Requirement = Only the lines below between the one holding "Смеситель для раковины" and the one holding "MR - 2 Pieces - Jewelry Set - Golden - Heart", inclusive, are to be reproduced word for word; the pictures are to be left out.

Dataset extract =
Content starts

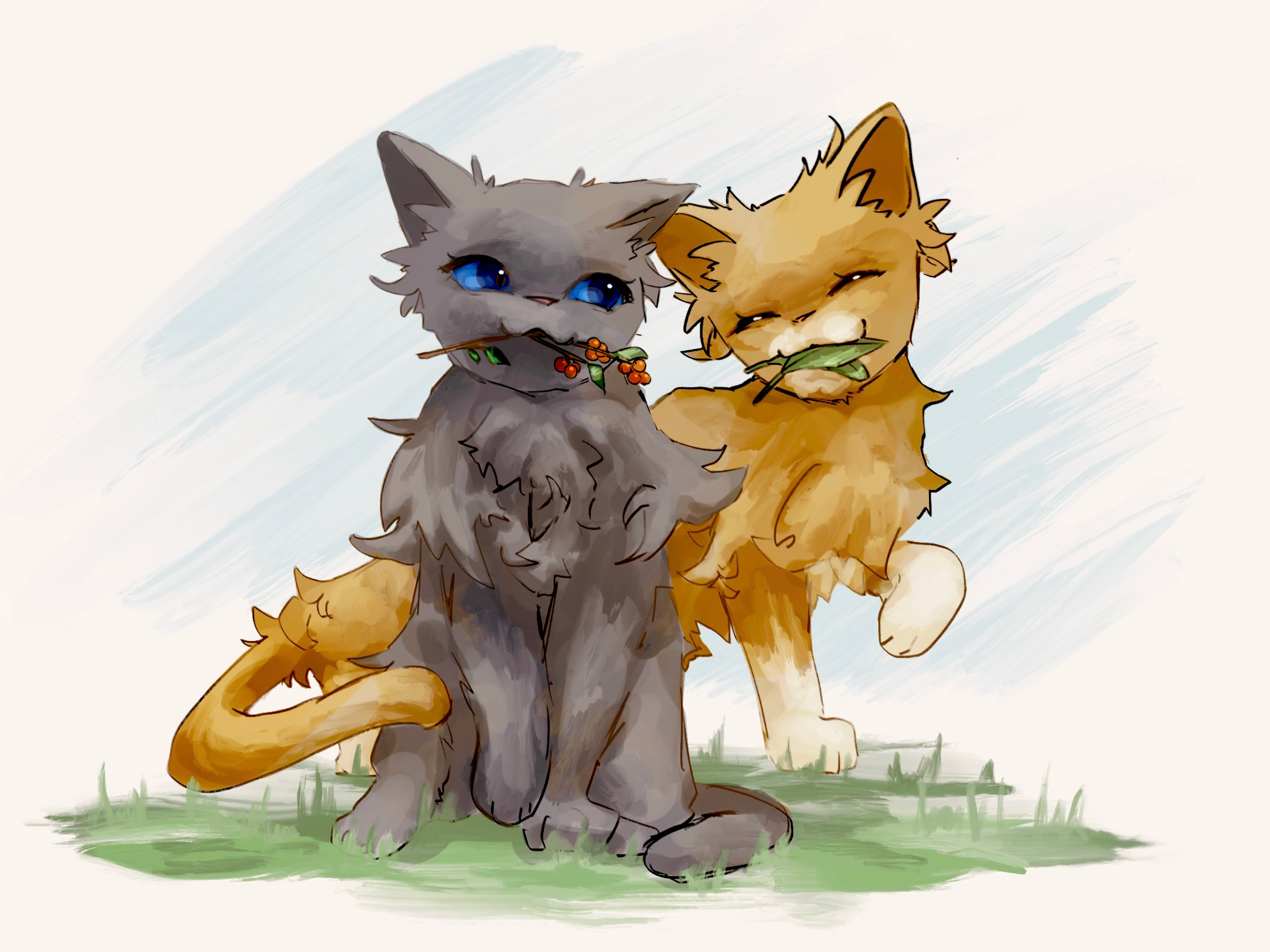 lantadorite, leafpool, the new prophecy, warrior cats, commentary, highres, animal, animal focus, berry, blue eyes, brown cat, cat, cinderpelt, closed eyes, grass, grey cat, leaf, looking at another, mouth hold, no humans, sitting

Content ends
Content starts

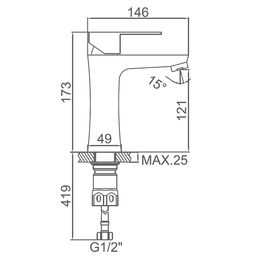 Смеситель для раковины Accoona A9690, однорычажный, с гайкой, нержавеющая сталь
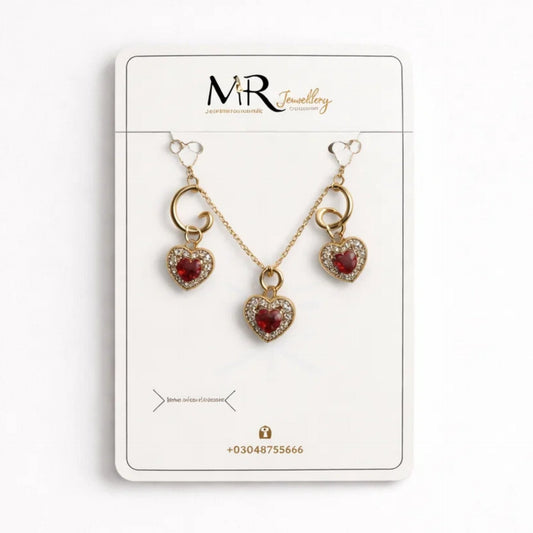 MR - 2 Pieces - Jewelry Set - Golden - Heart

Content ends

Solution to this task =
 Смеситель для раковины Accoona A9690, однорычажный, с гайкой, нержавеющая сталь
 MR - 2 Pieces - Jewelry Set - Golden - Heart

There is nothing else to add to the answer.